Please give the lines below again exactly as they stand, from the one that contains "J'irai te Tuer Dans tes Rêves - Tome 04" up to and including the one that contains "Here's to Life", leaving all pictures out.

◆ Materials provided ◆
========================================================================
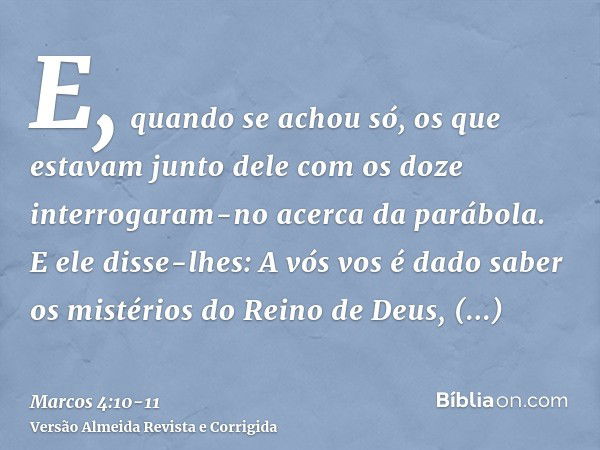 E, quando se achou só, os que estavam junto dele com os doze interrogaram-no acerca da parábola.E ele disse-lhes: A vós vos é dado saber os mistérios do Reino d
========================================================================
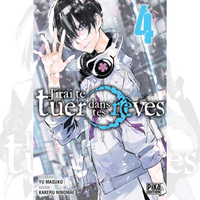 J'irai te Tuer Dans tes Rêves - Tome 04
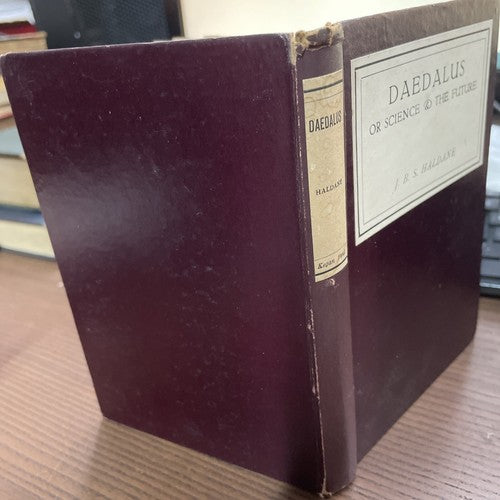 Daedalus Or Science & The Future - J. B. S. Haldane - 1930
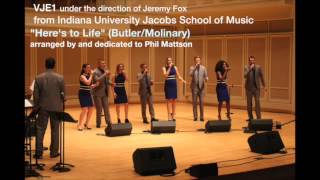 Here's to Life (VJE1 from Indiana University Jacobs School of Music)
========================================================================
◆ Your solution ◆
 J'irai te Tuer Dans tes Rêves - Tome 04
 Daedalus Or Science & The Future - J. B. S. Haldane - 1930
 Here's to Life (VJE1 from Indiana University Jacobs School of Music)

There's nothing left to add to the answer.